Transfer pricing generally refers to intercompany pricing arrangements for the transfer of goods, services and intangibles between associated persons. Ideally, the transfer price should not differ from the prevailing market price which would be reflected in a transaction between independent persons. However, business transactions between associated persons may not always reflect the dynamics of market forces. Thus, Inland Revenue Board Malaysia.
Inland Revenue Board Malaysia published Transfer Pricing Guidelines on 20 July 2012. The guidelines are concerned with the application of the law on controlled transactions. They provide guidance for persons involved in transfer pricing arrangements to operate in accordance with the methods and manner as provided in the Rules, as well as comply with administrative requirements of the Inland Revenue Board Malaysia on the types of records and documentations to maintain.
One development of significance for transfer pricing law and practice in Malaysia is the introduction of country-by-country reporting under the Income Tax (Country-by-Country Reporting) Rules 2016 (Country-by-Country Reporting Rules).

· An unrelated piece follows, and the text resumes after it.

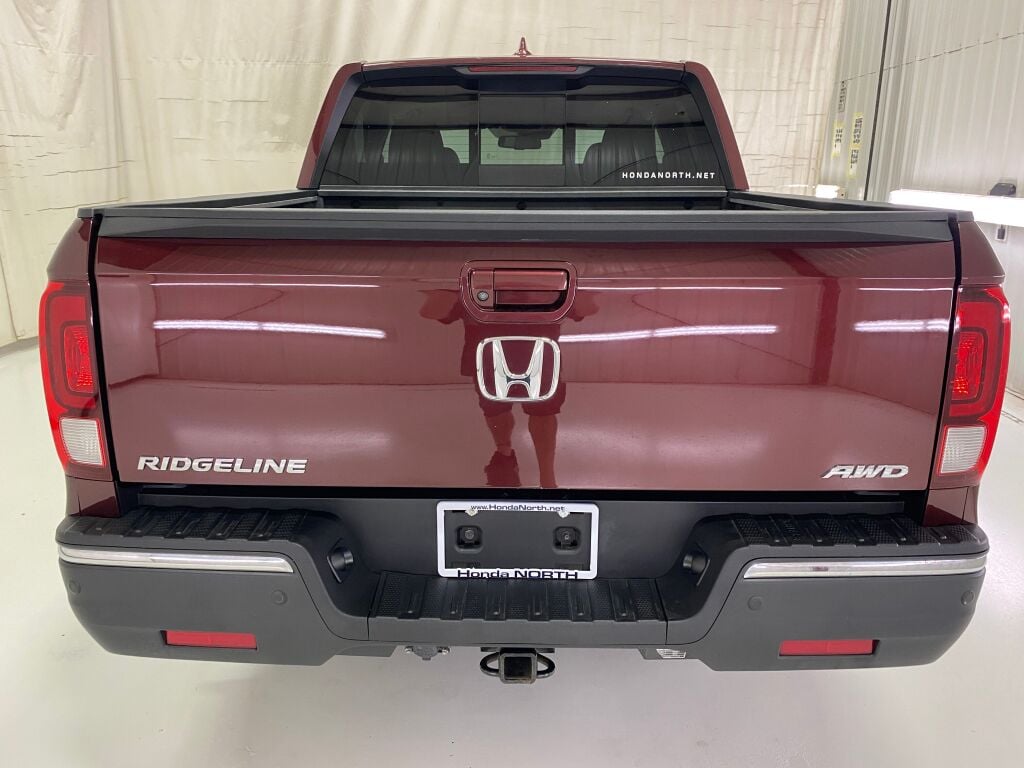 2020 Honda Ridgeline photo 18 of 38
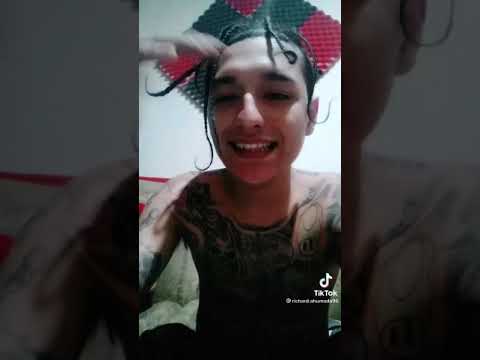 Richard Ahumada cantando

These Rules took effect on 1 January 2017 and apply to any multinational corporation (MNC) group where all of the following applies:
- Any of its constituent entities enters into cross-border transactions with another constituent entity.
- The total consolidated group revenue in the financial year preceding the reporting financial year is at least MYR3 billion.
- Its ultimate holding company is:
- incorporated under the Companies Act 1965 or under any written law; and
- resident in Malaysia.
- Its constituent entities are:
- incorporated or registered under the Companies Act 1965, under any written law or under the laws of a territory outside Malaysia; and
- resident in Malaysia
The ultimate holding company of an MNC group that is resident in Malaysia must file a country-by-country report with the Director General of Inland Revenue. The report must:
- Comply with the requirements of the Country-by-Country Reporting Rules.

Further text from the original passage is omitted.